The game: first to 11
A modern game of ping pong is played to 11 points, win by 2. This has been the official ITTF rule since 2001 — before that, games were played to 21. The change was made to make matches more TV-friendly: shorter, more dramatic, and finishing in a more predictable amount of time.
A "match" is the best of an odd number of games — almost always best of 5 (recreational and league) or best of 7 (Olympics, World Championships). The first player to win the majority of games wins the match.
The two-serve rotation
Each player serves twice in a row, then the serve switches to the other player for two serves. Not once like tennis. So a typical service rotation looks like: A serves point 1, A serves point 2, B serves point 3, B serves point 4, A serves point 5...

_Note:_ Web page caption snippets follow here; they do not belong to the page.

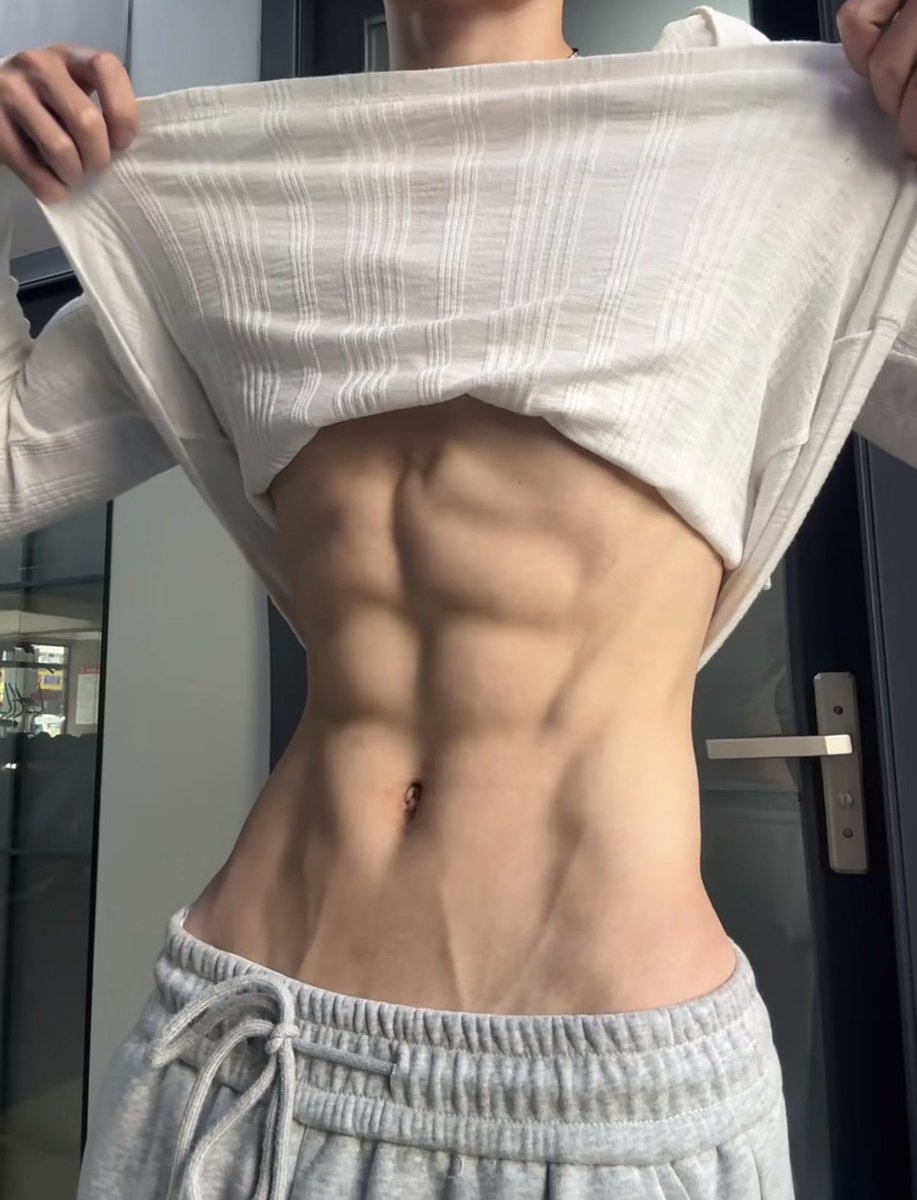 Longdanziaenn's tweet photo. 练完睡觉 晚安 https://t.co/lDELWCJB0S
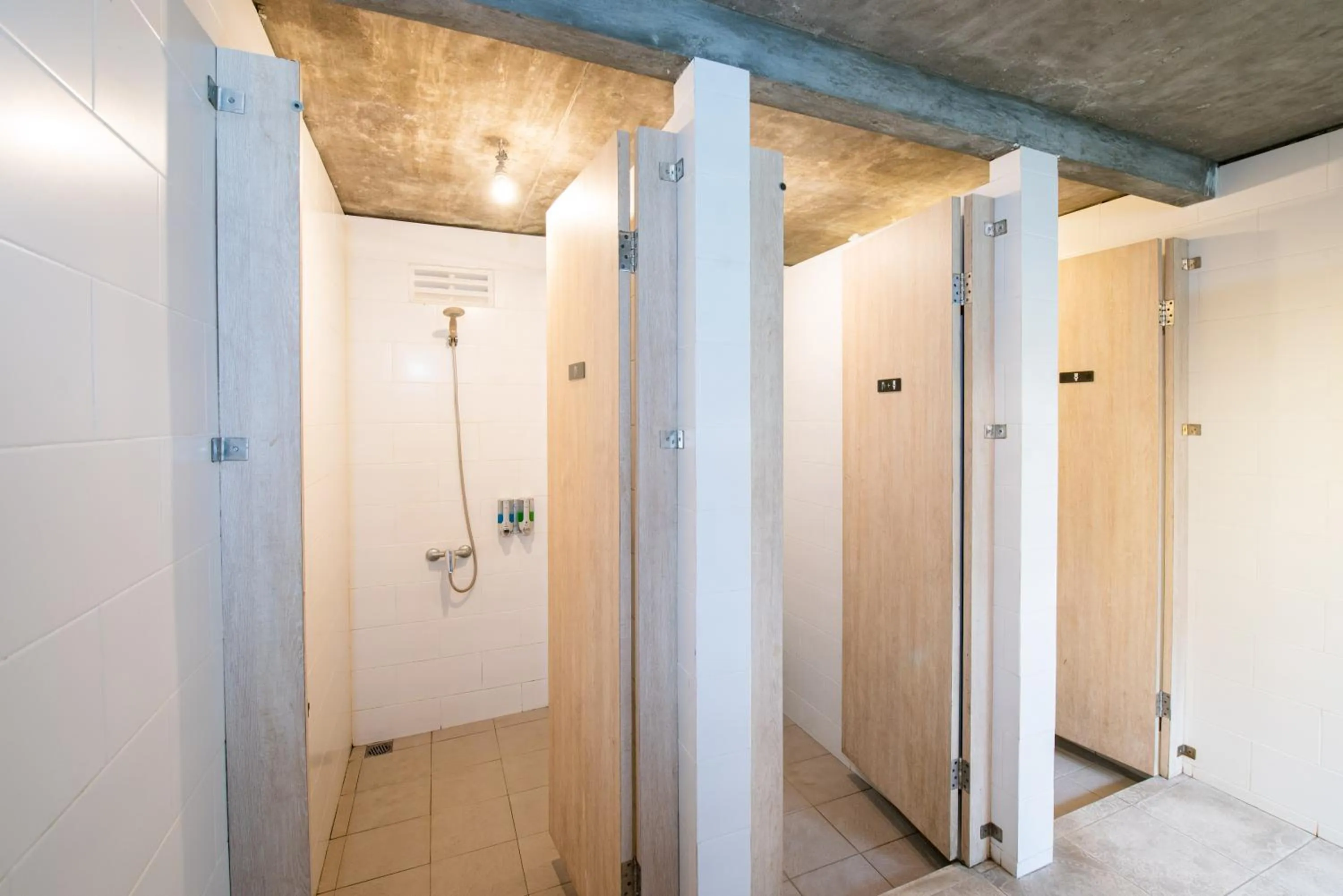 Shower in Ubud Tropical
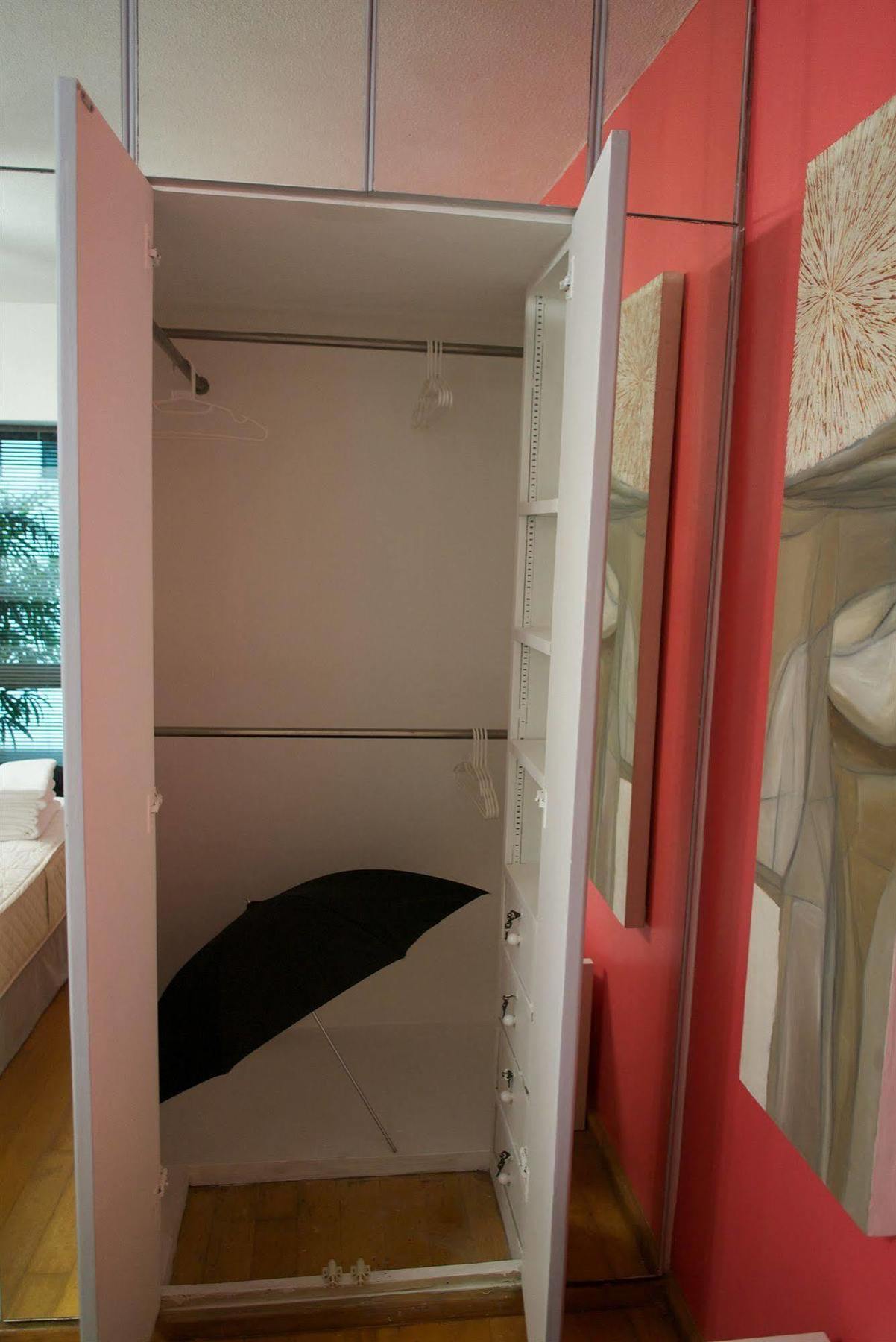 Sab House Caters To Women Hotel Bangkok Exterior photo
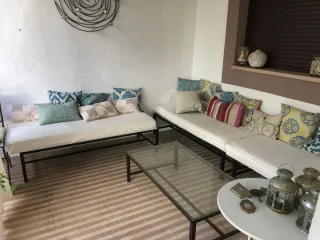 Conjunto mesas y bancos de forja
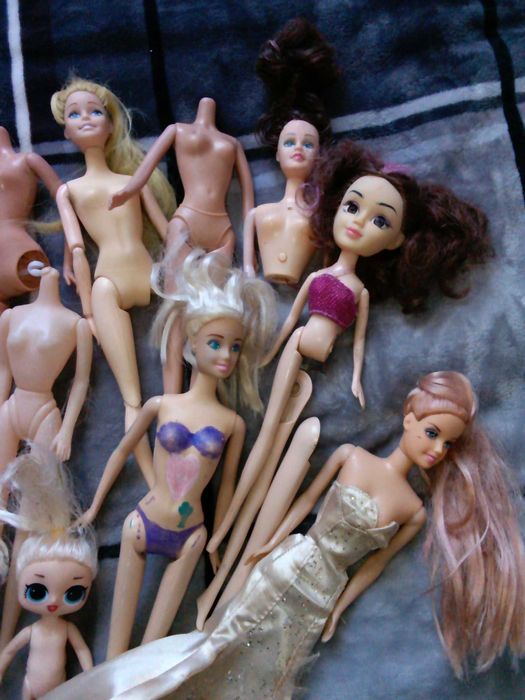 Продам куклы бу,  под реставрацию или на запчасти ,цена за все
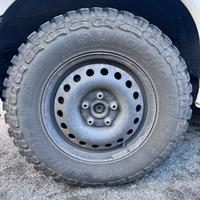 Gomme fuoristrada m+s  215/75 R15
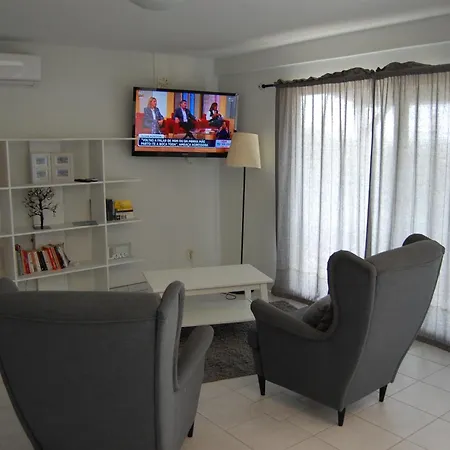Charming 3-bedroom With Wifi And Heating In Beautiful Santa Brbar Villa *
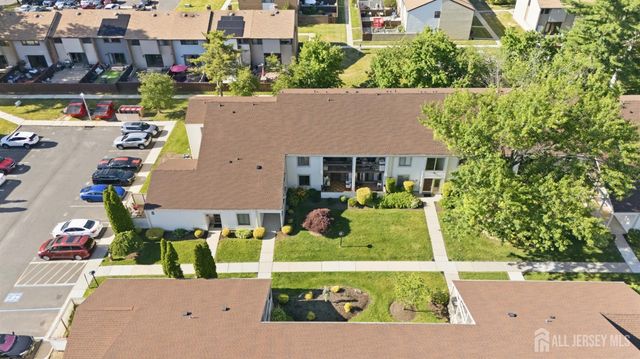5 Avon Drive 5S, East Windsor, NJ 08520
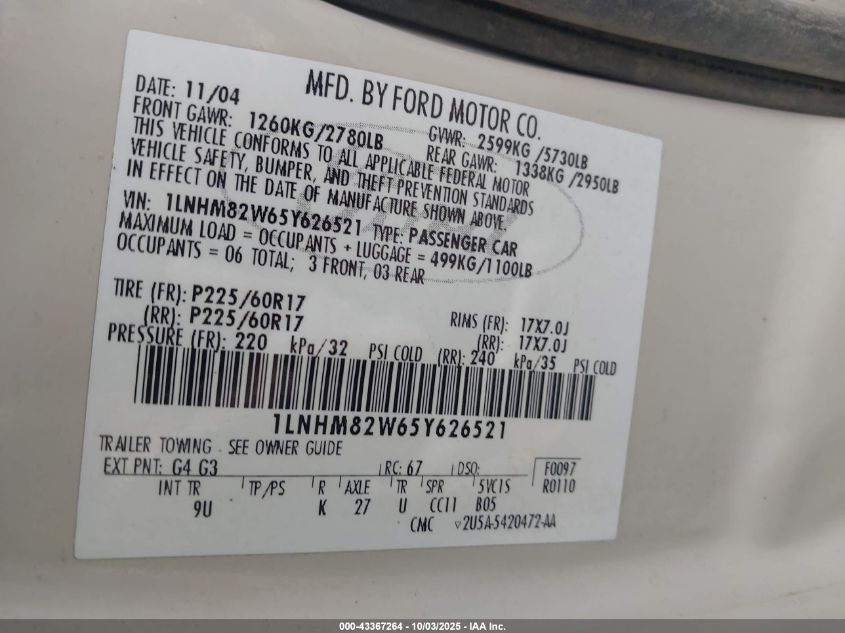 2005 Lincoln Town Car Signature Limited VIN: 1LNHM82W65Y626521 Lot: 43367264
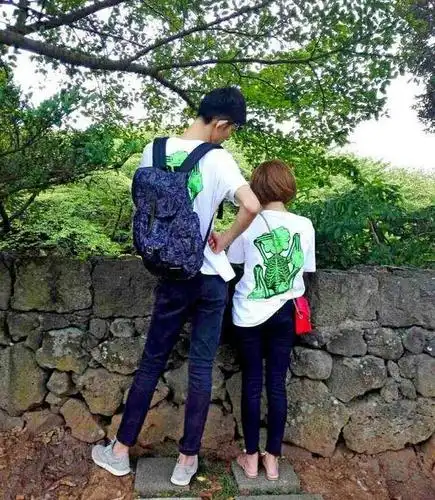 在博物馆门口的留影,男友1米9,本人1米5,这就身高悬殊给我们接下来的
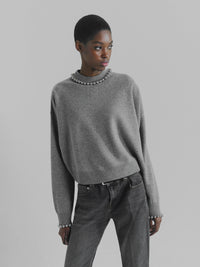 Pullover mit Perlenkragen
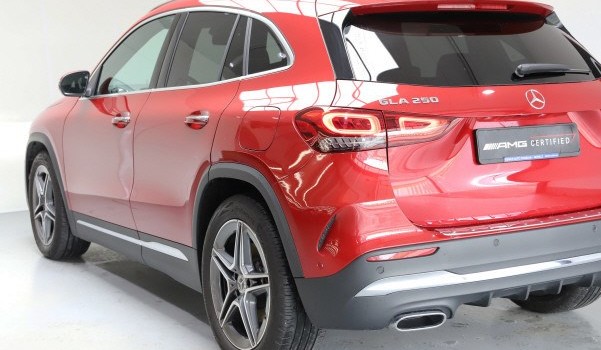 MERCEDES-BENZ GLA 250 AMG Line 4Matic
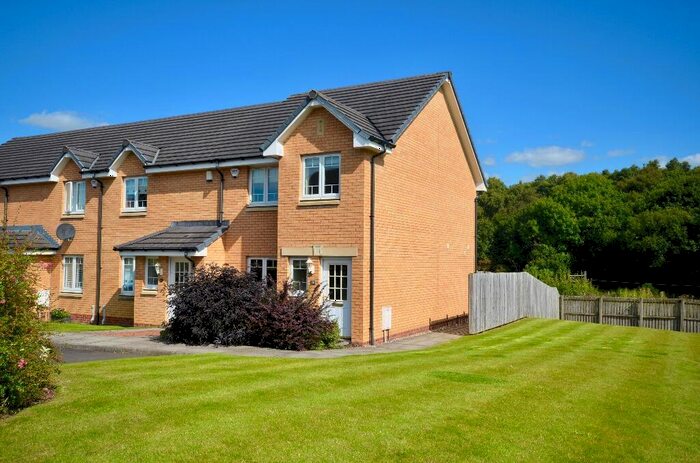 3 Bedroom End Of Terrace House To Rent In Kennoway Crescent, Ferniegair, Hamilton, South Lanarkshire, ML3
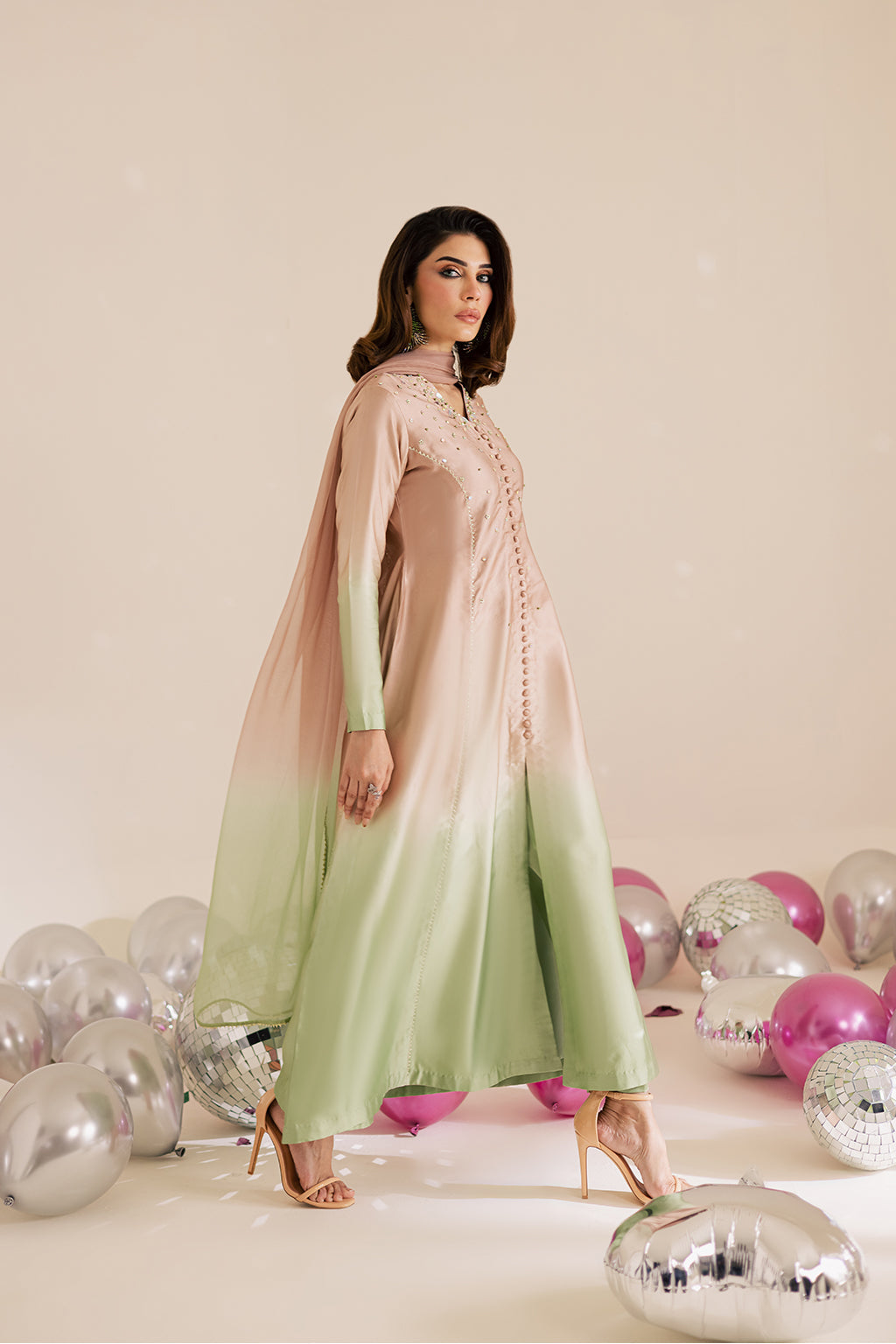 https://cdn.shopify.com/s/files/1/0019/7217/4947/files/1_0028_1C0A8497_bba2b8ad-6838-4e6a-9b94-8f1e8faba498.jpg?v=1764583257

This continues for the entire game. The two-serve rotation is one of the things basement ping pong gets wrong most often — most people switch the serve every single point, like tennis, which is incorrect.
Deuce at 10-10
When the score reaches 10-10, the game enters deuce. From that point onwards:
- — The two-serve rotation switches to one serve each. Players alternate serves point-by-point.
- — You must win two consecutive points from any score in deuce to win the game.
- — There is no cap. A deuce game can theoretically go on indefinitely — though in practice it rarely lasts more than a few extra points.
Side changes
- — Players change ends at the end of every game — not just at the end of the match.
- — In the deciding game of a match (game 5 in a best-of-5, game 7 in a best-of-7), players also change ends as soon as one player reaches 5 points.
- — When changing ends in the deciding game at 5, the player who is "up" to serve still serves their next serve as planned — the side change does not affect the rotation.
scoreboard
live.
Doubles serving
Doubles ping pong adds two complications. First, every serve in doubles must be diagonal from the right half of the server's side to the right half of the receiver's side. The right half is to your right as you face the table. A serve to the wrong half is a fault.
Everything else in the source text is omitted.